Even though I had my code, I didn’t even attempt to go on and purchase tickets. I understand the frustrations fans are feeling at this point in time. This is where Jon Bon Jovi should be stepping up and offering a solution. All of the above posts are from Bon Jovi’s Facebook page, without a single comment from Bon Jovi or the Facebook admin. It’s ridiculous.
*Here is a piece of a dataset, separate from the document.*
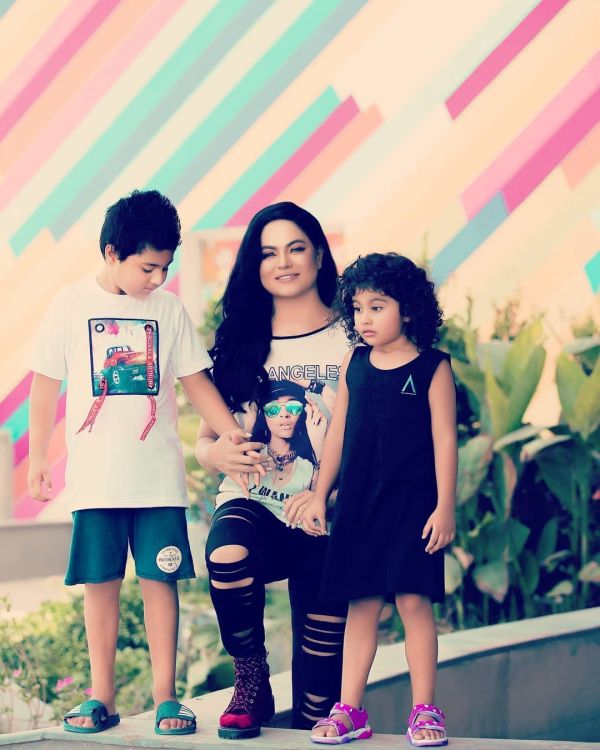 Veena Malick Latest Pictures with Her Kids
Also here are the prices. Cheap tickets is what the media outlets report. I say yeah right. There is nothing cheap about this Bon Jovi experience. It’s a farce. The media doesn’t report with any integrity anymore. The cheapest tickets are $35 from Ticketek and $32 from Telstra Pre Sales, to sit on top of the stadium roof, with your view hindered. Then they have a limit of two Bronze tickets, so if you want to take a family of 4 or 5 you are stuck. Nice one.

Brisbane / Sydney*
Gold Reserve $155.00
Silver Reserve $99.00
Bronze Reserve $35.00
Platinum Reserve $199.00
Diamond Reserve $250.00
GA Standing – Rear Field $125.00 (Sydney Only)

Perth*
Gold Reserve $199.00
Silver Reserve $129.00
Bronze Reserve $35.00
Platinum Reserve $249.00
Diamond Reserve $299.00

Ticket limit: Bronze Reserved limited to 2 per transaction
*A one-off service/delivery fee from $5.85 per transaction applies. A credit/debit card processing fee from 1.95% will apply. Ticket orders are subject to credit/debit card approval and customer account verification.